4.8. MEHDİYETİN DURDURULMASI HADİSLERE GÖRE MÜMKÜN DEĞİLDİR

MELEKLERLE YARDIM GÖREN MEHDİ’NİN ÖLDÜRÜLMESİ İMKANSIZDIR  

HZ. CEBRAİL (AS) VE HZ. MİKAİL (AS), KIRK ALTI BİN (46. 000) MELEK İmam Mehdi'nin yardımcıları ve yoldaşları arasında olacaktır. (Bihar-ül Envar, Cilt 19, Sayfa 284)

Allah Mehdi'yi 3 BİN MELEKLE DESTEKLEYECEKTİR(El Kavlu-l Muhtasar Fi Alamatil Mehdiyy-il Muntazar, Ahmed İbn-i Hacer-i Mekki, s. 41)

MEHDİ, ZAMANINDAKİ İNSANLARIN EN HAYIRLISIDIR. Onun yardımcıları ve ona biat edenler... CEBRAİL ONLARIN ÖNÜNDE, MİKAİL DE ARKALARINDA bulunur. Mehdi̇, mahlukat arasında sevilir. (Kitab-ül Bur- han fi Alamet-il Mehdiyy-il Ahir Zaman, s. 58)

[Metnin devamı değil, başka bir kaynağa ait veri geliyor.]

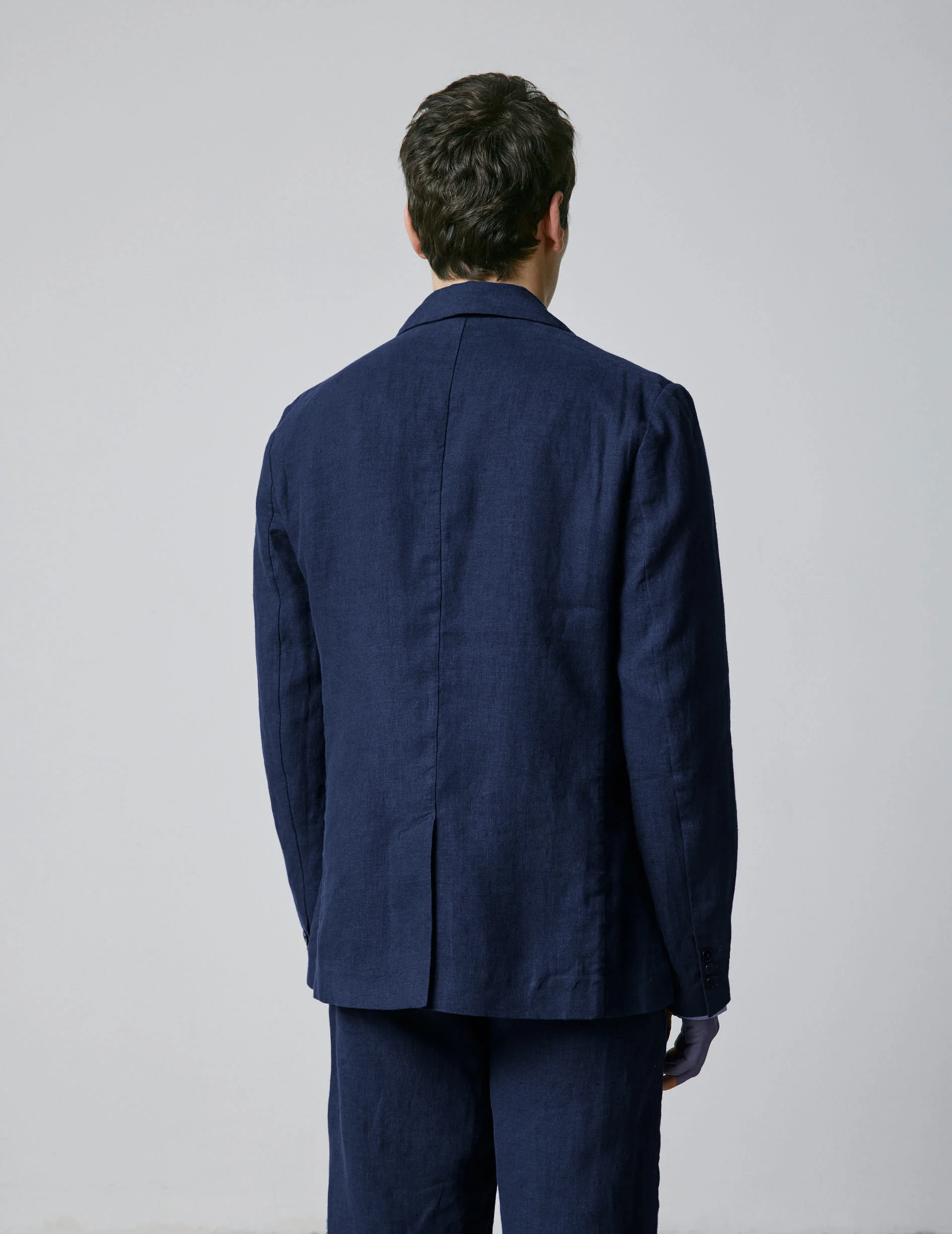 Veste blazer Nathis en lin marine - Image 3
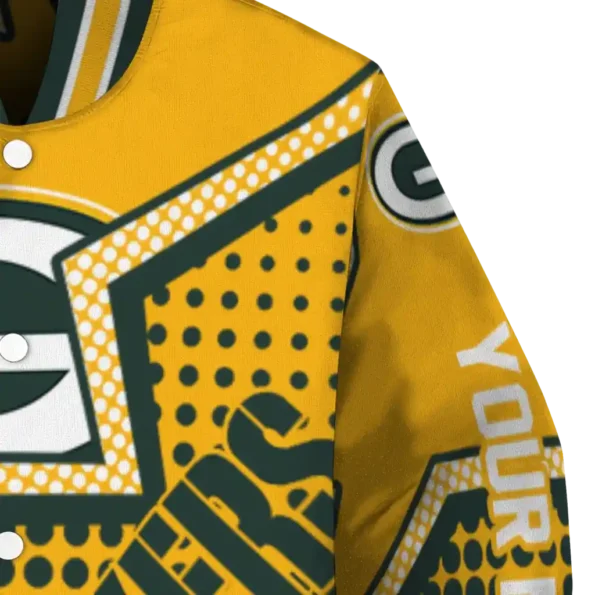 personalized green bay packers star burst green varsity jacket premium grade.webp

MEHDİ VE TALEBELERİ HEP MUZAFFER OLACAKTIR

Şu muhakkak ki ahir zamanda MAĞRİB MEMLEKETİNİN EN UZAK MEVKİİNDEN MEHDİ denilen bir zat çıkacak. Ve ÖN TARAFINDA KIRK MİL MESAFE OLARAK YARDIM YÜRÜYECEK. Mehdi’nin bayrakları beyaz ve sarıdır. İçinde çizgiler bulunur. Bayraklarında Allah'ın İsm-i Azamı yazılmıştır. MEHDİ'NİN BAYRAĞI ALTINDAKİ HİÇBİR BİRLİĞİ MAĞLUP EDİLMEZ. (İmam Şarani, Ölüm-Kıyamet-Ahiret ve Ahir Zaman Alametleri Muhtasaru, (Tezkireti'l-Kurtubi), s. 438)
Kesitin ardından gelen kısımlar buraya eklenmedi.